OK, what happened here? This is much simpler, it can't possibly be used the same way as the previous designs! It can't possibly be equivalent. Or maybe it can?

Lets see what happens here:

  • activity_start is missing completely. How are we supposed to find the periods if they are not stored in the table?

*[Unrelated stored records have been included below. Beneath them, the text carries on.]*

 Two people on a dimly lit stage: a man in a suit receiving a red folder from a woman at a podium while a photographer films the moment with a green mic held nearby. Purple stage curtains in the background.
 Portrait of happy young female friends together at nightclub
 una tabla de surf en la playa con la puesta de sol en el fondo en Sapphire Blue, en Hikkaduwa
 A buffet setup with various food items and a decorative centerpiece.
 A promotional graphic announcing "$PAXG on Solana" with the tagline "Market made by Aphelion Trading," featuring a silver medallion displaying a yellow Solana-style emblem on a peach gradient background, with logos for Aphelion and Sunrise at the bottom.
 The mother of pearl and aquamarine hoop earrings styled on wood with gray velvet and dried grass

The answer is that activity start is indeed stored, just not in the same row as activity end. That's what the foreign key was all about, to ensure that every end had a matching start. So we can easily find the start of every period using LAG():

CREATE VIEW expenses_commissionrule AS
SELECT 
    id,
    country,
    created,
    modified,
    LAG(activity_end) OVER (PARTITION BY country
                            ORDER BY activity_end)
        AS activity_start,
    activity_end
FROM
    ec_rule ;

Chapter 3: Spot the difference

While all the above design manage to enforce the "no gaps" rule, they all fail to enforce the second rule: "the sum of all intervals should be -INF : +INF."

Can this be amended? It seems to be easier after all once we have achieved no gaps.

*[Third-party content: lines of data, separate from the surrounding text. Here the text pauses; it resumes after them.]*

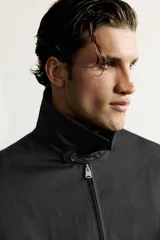Cazadora negra de corte regular fit, confeccionada en tejido técnico con mezcla de algodón. Cuenta con cuello solapa, manga larga con puño abotonado, bolsillos de vivo en la cadera, pliegues laterales en la espalda y bajo elástico. Cierre frontal con cremallera.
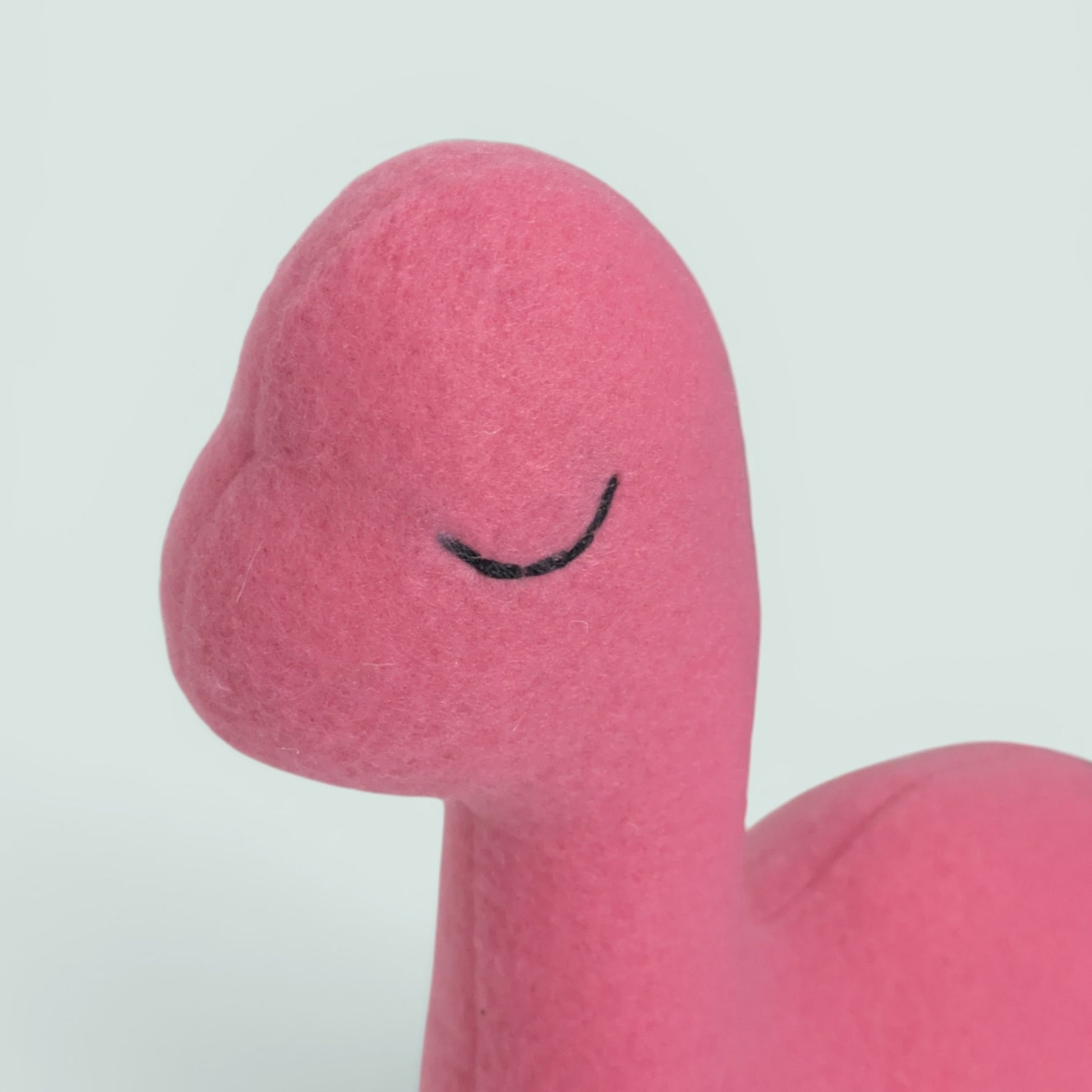 A close-up of a pink plush toy with a simple embroidered black curved line for a closed eye, shown against a plain light gray background.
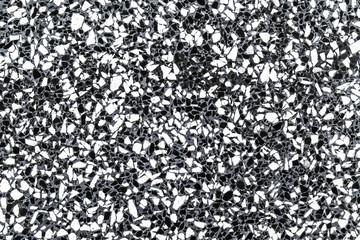Monochrome grainy mineral surface background.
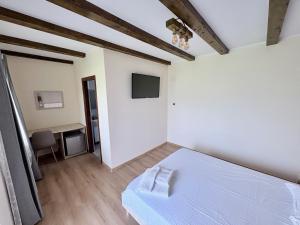 a bedroom with a white bed and a desk at Casa Magda - Oaza de Relaxare in Călimăneşti +16 photos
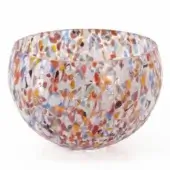 Glass bowl, spotted multicolor, round shape with mosaic glass pieces in orange, yellow, blue, red, and white, studio product shot.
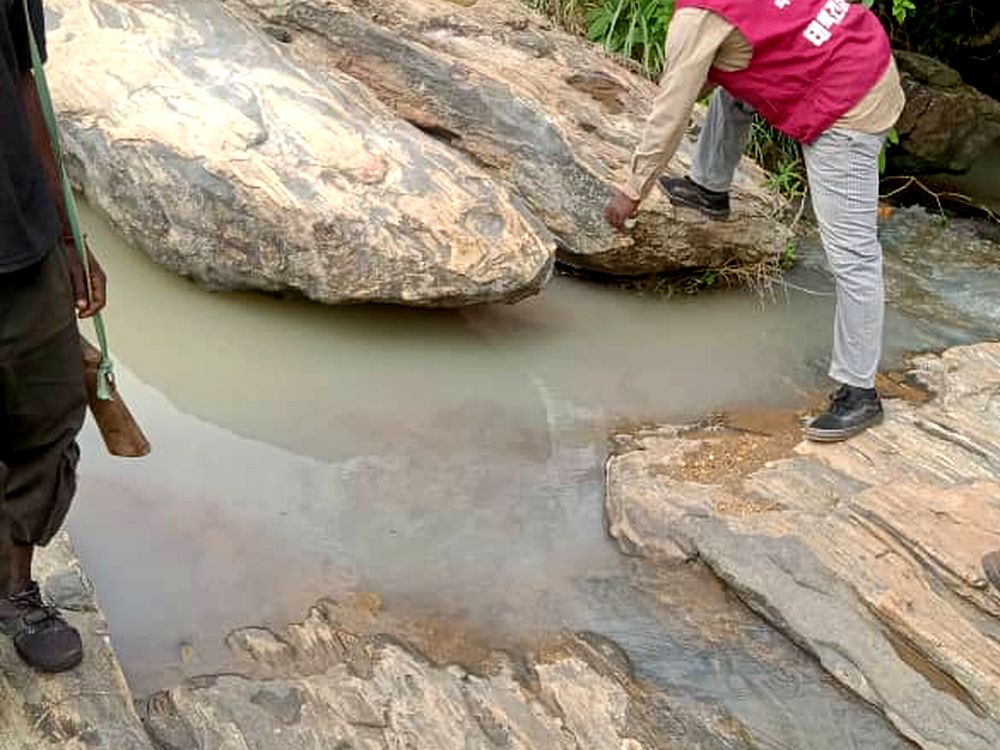 Team carrying out a stream survey over exposed bedrock during mineral exploration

Well, yes and no. And no. It isn't easier. It's similar to enforcing that a table has at least one row. That seems easy, too, but it's actually very hard, if not impossible with DDL alone.

For the specific problem though, the "yes and no" means that the rule:

  • can be enforced with design 1 (although it makes it even more complicated).

  • but not with design 2 (at least I can't see a way).

For design 1, we'd need to add a second foreign key (from activity end to the next start) and a unique constraint (country, activity_start). This essentially would convert our list to a doubly linked list. And for the foreign keys to be satisfied, the list would have to either be infinite (which isn't possible) or have ends both left and right, which means two rows with nulls, one for left and one for right (foreign keys are satisfied if one of the columns is NULL).

For design 2, you'd have to ensure - outside of DDL - that for every country there is one row where activity_end is NULL (that row is the rule for the period up to +Infinity).